My brother hadn’t noticed the adder approaching, slithering along the stone ledge of the cattle trough, when he threw me in. Laughing he left me drowning, fighting water and snake. On the day I started convent school, I stood shivering in grey serge and swamped in a felt hat I wished would float right off my head. We learned about evil and baptism, and it came as no great surprise to hear that a snake would always be out to get me.


Helen Pizzey



"Initiation" last appeared in Leaf Writers' Magazine 2 (Autumn 2010). Pizzey is Assistant Editor at PURBECK! magazine and appears in the anthology, This Line Is Not for Turning: Contemporary British Prose Poetry (ed.

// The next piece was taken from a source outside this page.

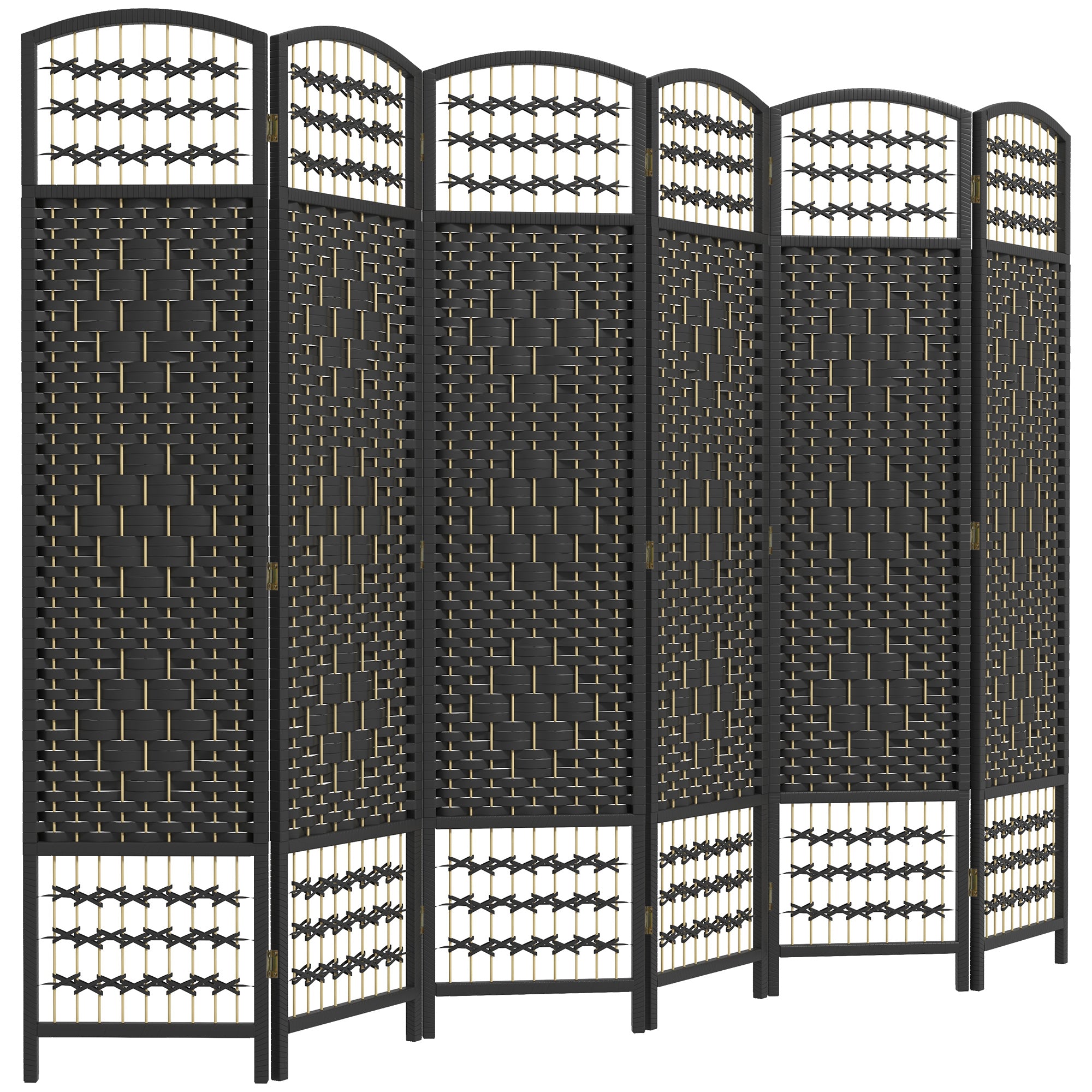 6 Panel Folding Room Divider, Portable Privacy Screen, Wave Fiber, Black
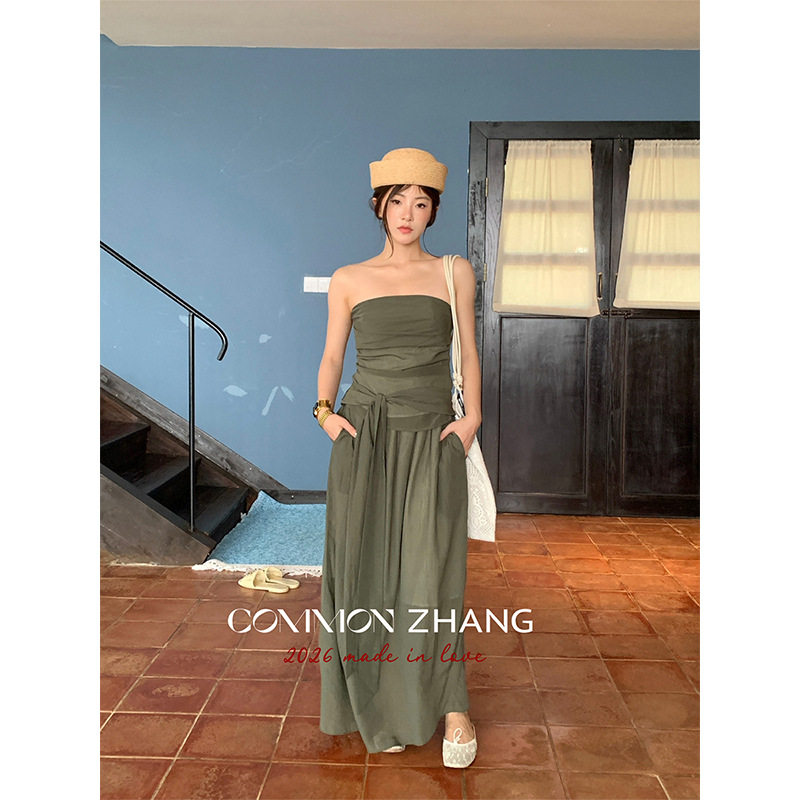 CZ ZHANG夏两件套修身褶皱短短抹胸女绑带花苞长裙法式套装C14782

Jane Monson, Cinnamon, 2011), among other journals and anthologies in the UK and US. She received her MA in creative writing from Bath Spa University in 2005. 

4 comments:

Anonymous said...

Love this. The connection between good and evil, snake and water metaphors, feeling of fear and the unknown. All good, good stuff. Thanks!

Helen Pizzey said...

Thanks, Particia Ann. Am also looking out for more of your work to enjoy commenting on. Best wishes.

Unknown said...

Great metaphors. I enjoyed this well written short. Very nicely done.

Anonymous said...

There is a wonderful revisiting of themes in this very short piece. I think it works so well because of these recurring ideas. There is the idea of being restricted or overwhelmed either literally by water, or by using that imagery: “he left me drowning, fighting water”, “swamped in a felt hat I wished would float right off my head”, “We learned about evil and baptism”. The snake and the comparison to religion are also excellently drawn. Fantastic for such a short piece of writing. I think that the lines “Laughing he left me drowning” and “We learned about evil and baptism” are particularly poignant, and together give a sense of something much larger.